United States Patent |
3,655,299 |
Connelly |
April 11, 1972 |
ROTARY PUMP WITH PRESSURE RELIEF
Abstract
A rotary pump includes a housing, rotors, an inlet chamber, an
outlet chamber and pressure relief means. The pressure relief means
includes a movable wall normally resiliently biased into engagement
with one of said rotors and exposed to fluid pressure at said
outlet chamber. At a predetermined maximum pressure, the fluid
pressure force acting upon the wall will overcome the resilient
bias and move the wall away from said rotors to a degree sufficient
to interconnect said outlet and said inlet chambers in fluid
communication and allow fluid to flow therebetween and thereby
disrupt the pumping action of the rotors. The movable wall pressure
relief contacts only one of the rotors.
Inventors: |
Connelly; Laverne R. (Marshall,
MI) |
Assignee: |
Eaton Corporation (Cleveland,
OH)
|
Family
ID: |
22213492 |
Appl.
No.: |
05/088,790 |
Filed: |
November 12, 1970 |
Current U.S.
Class: |
417/310;
418/132 |
Current CPC
Class: |
F04C
14/265 (20130101) |
Current International
Class: |
F04B
49/02 (20060101); F04b 049/02 () |
Field of
Search: |
;417/283,310
;418/132 |
References Cited
[Referenced By]
U.S. Patent Documents
Primary Examiner: Croyle; Carlton R.
Assistant Examiner: Sher; Richard J.
Claims
Having thus described my invention, I now claim:
1. A rotary pump comprising:
a housing having a cylindrical cavity therein;
inner and outer rotors with inter-engaging teeth forming pumping
chambers mounted for eccentric rotational motion within said
cavity;
a slidable wall sealing one side of said cavity, said wall being
slidable in an axial direction of said cavity and forming a wall
for said pumping chambers when said wall is within a predetermined
axial distance of said rotors;
resilient biasing means mounted to said housing for resiliently
urging said slidable wall into engagement with only one of said
rotors, said biasing means permitting said slidable wall to move a
distance greater than the predetermined axial distance away from
said rotors when said pump generates a pressure greater than a
predetermined maximum.
2. The rotary pump of claim 1 wherein said resilient biasing means
is a Belleville spring.
3. The rotary pump of claim 2 wherein said Belleville spring has
one radial slot and at least one hole proximate each side of said
slot.
4. The rotary pump of claim 1 wherein said resilient biasing means
is a C-shaped Belleville spring including means permitting gripping
of said Belleville spring and tangentially compression thereof.

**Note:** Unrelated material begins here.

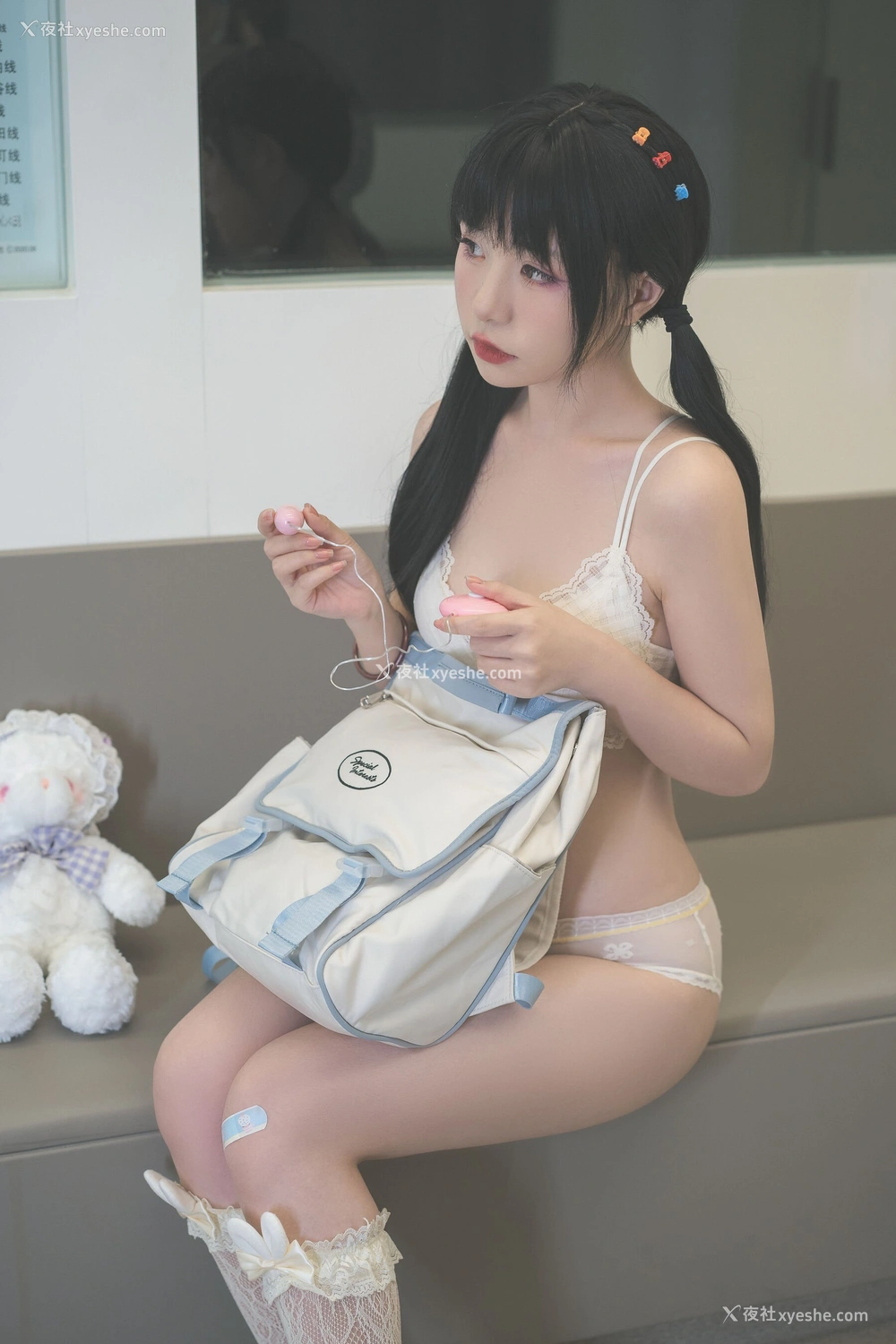 1P - 喵小吉《末班地铁》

5. The rotary pump of claim 1 wherein only the inner rotor is
contacted by said slidable wall.
6. The rotary pump of claim 1 wherein said slidable wall is formed
with a substantially centrally located raised boss so as to contact
the inner rotor only.
7. The rotary pump of claim 1 wherein said inner rotor extends to a
position beyond said outer rotor so as said slidable wall will
contact said inner rotor only.
8. A rotary pump comprising:
a housing having a substantially cylindrical cavity therein;
inner and outer rotors having inter-engaging teeth forming the side
walls of pumping chambers mounted for eccentric rotation within
said cavity;
a slidable wall sealing one end of said cavity, said slidable wall
additionally forming one wall of said pumping chambers when said
slidable wall is within a predetermined distance of said rotors,
said slidable wall being formed so as to contact only one of said
rotors; and
a resilient biasing means mounted in said housing for resiliently
urging said slidable wall in a direction towards said rotors, into
an engagement with said one of said rotors and to within a
predetermined distance of the other of said rotors, said biasing
means allowing said slidable wall to move a distance greater than
the predetermined distance from said rotors when said pump
generates greater than a predetermined maximum pressure.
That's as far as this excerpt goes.